RINJANI Part 3: Siksaan Bukit Penyesalan, Kedinginan dan Kelaparan

Akhirnya kita berjalan sama dengan kelompok dari Bekasi itu. Dan dari Pos 1 medan mulai berubah, dari sini medan mulai memasuki sela-sela tanah dan mulai menaiki bukit. Mereka yang menggunakan jasa porter sudah menghilang dan tidak kelihatan lagi. Hingga kita melalui jalan yang memutar melintasi punggungan-punggungan kecil.

Sejujurnya gw sedikit lupa dengan perjalanannya. Karena catper ini baru gw lanjutin lagi hari ini setelah tiga tahun lamanya gw males nulis catper karena bisa membuat gw kangen kesana lagi. Hehe :(

Kemudian kami tiba di suatu jembatan dengan Pos yang menjorok kedalam dekat lembah-lembah di dekat jembatan tadi. Kami beristirahat disini sembari melakukan shalat Ashar untuk di qada selama satu minggu. Tak lama kemudian hujan deras menyerbu kami.

Ishoma

Menunggu hujan membuat kami bosan, bosan membuat kami lapar. Akhirnya kami masak sambil menunggu hujan. Hujanpun sempat berhenti tapi kami memasak lagi. Setelah perut kami kenyang, kegiatan kami berikutnya hanya ketawa-ketiwi tidak jelas. Sampai akhirnya suatu sosok mengkilap datang dari kejauhan. Menyilaukan, membutakan mata hati. Ya dialah.. ah gw lupa.. sama satu lagi si a Ijal muncul dari belakang.

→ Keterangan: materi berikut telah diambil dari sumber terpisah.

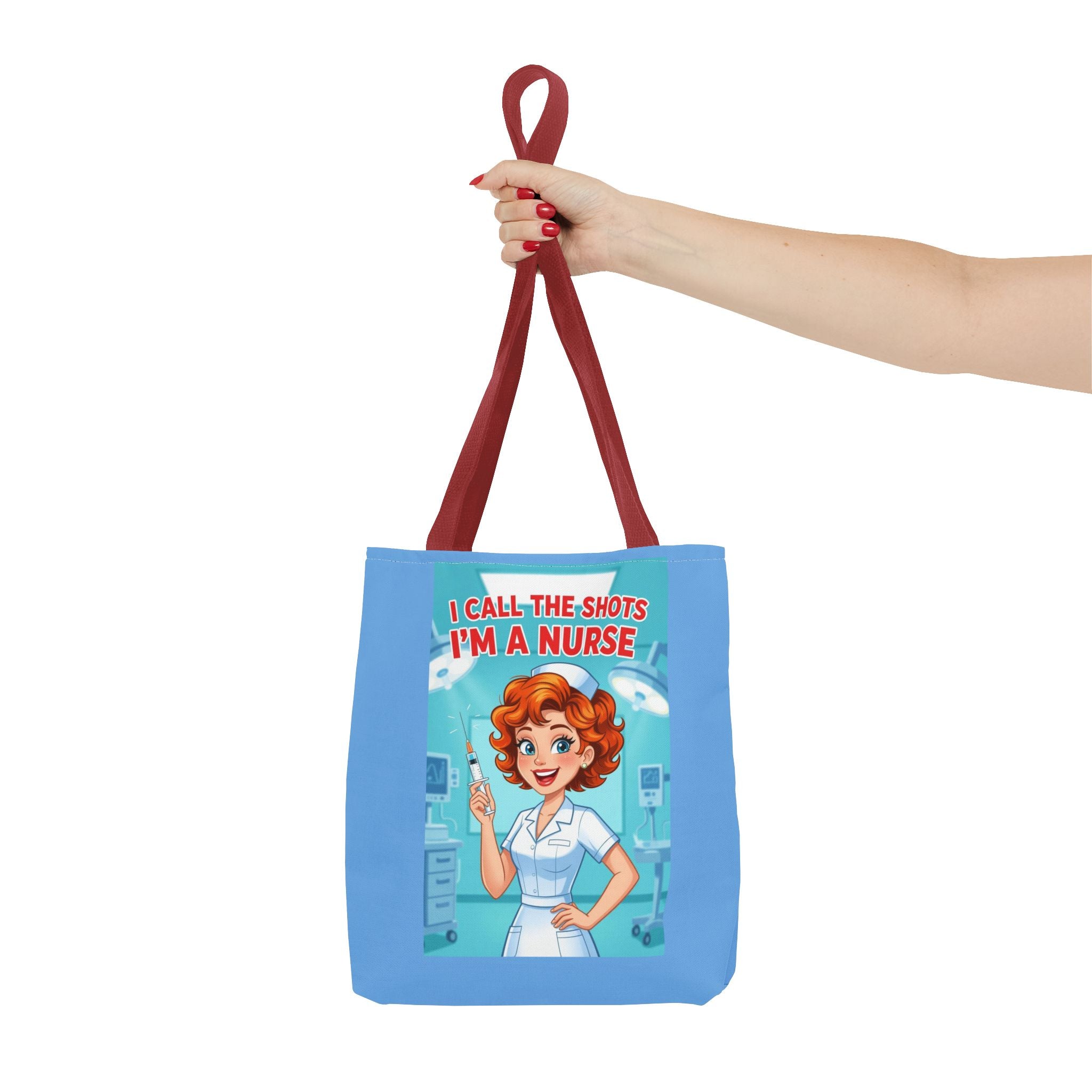 Nurse Snark Tote Bag
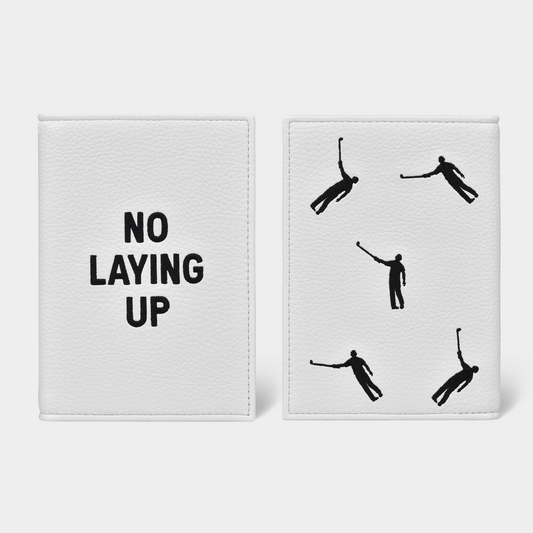 NLU Dancing Waywards Scorecard Holder | White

"Lha katanya mau lewat senaru a?" Kata.. kata siapa gitu lupa siapa yang nanyain.

"Heueuh, dikasih tau jalan yang salah euy.. taunya jadi ke Sembalun" kata si a Ijal.

Gw bingung. Teman-teman yang lain juga bingung. Mereka juga bingung. Tapi keren juga. Perjalanan kita dari basecamp yang 6 jam lebih, ternyata timnya a ijal bisa hanya 2 jam. Tapi blusukan. Iya blusukan di Rinjani, nanjak pula. Very high risk. Gw mah sih ogah.

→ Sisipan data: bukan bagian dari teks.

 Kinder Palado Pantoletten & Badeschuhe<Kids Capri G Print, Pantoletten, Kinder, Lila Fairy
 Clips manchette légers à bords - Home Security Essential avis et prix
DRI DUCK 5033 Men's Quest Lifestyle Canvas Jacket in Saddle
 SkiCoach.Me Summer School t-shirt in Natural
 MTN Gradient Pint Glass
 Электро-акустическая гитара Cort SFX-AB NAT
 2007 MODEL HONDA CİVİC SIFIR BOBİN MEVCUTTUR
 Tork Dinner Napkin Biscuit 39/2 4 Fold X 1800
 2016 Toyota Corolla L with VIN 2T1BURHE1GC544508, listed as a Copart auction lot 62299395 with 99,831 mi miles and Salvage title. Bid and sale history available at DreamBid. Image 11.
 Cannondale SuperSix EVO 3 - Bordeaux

Hujanpun reda. Tim gw dan tim Bekasi akhirnya pergi duluan meninggalkan tim a Ijal yang katanya mereka ingin istirahat dulu. Dari sini jalanan seringkali menanjak dengan bagian kanan kami langsung ke jurang. Takut tapi juga membuat kita bisa melihat pemandangan sampai bagian terluar pulau. Great!. :)

***

Hingga malam tiba, kami akhirnya sampai di sebuah Pos. Kebetulan di itinerary kami memang berencana untuk camp di Pos ..ah gw lupa.. Pos 3 kalau enggak salah.

Malam tiba dan super dingin. Gue sama Haqi satu tenda sementara Anjar, Cucu, Om Dodi dan Iqbal di tenda lafuma. Aduh yang paling enak si Anjar doang. Demmlah.. kejam banget hidup ini.
...
Pagi tiba. Gue terkaget dengan keberadaan dua tenda tunnel di samping tenda kami. Ternyata itu tendanya si a Ijal dan mister Bo (panggil "mister bo" aja lah ya daripada "si anu" kan maknanya aneh). Ternyata mereka nyampe malem, dan ikut nenda disana. Gue kira semua pendaki pasti bakal berpikir sama. Kebahagian naik gunung itu salah satunya adalah minum kopi dan menghisap sebatang rokok sambil ngeliat pemandangan yang begitu menakjubkan. Apalagi kalau sama pacar. Kampret emang si Anjar sama si Cucu ini!. Bikin luka aja.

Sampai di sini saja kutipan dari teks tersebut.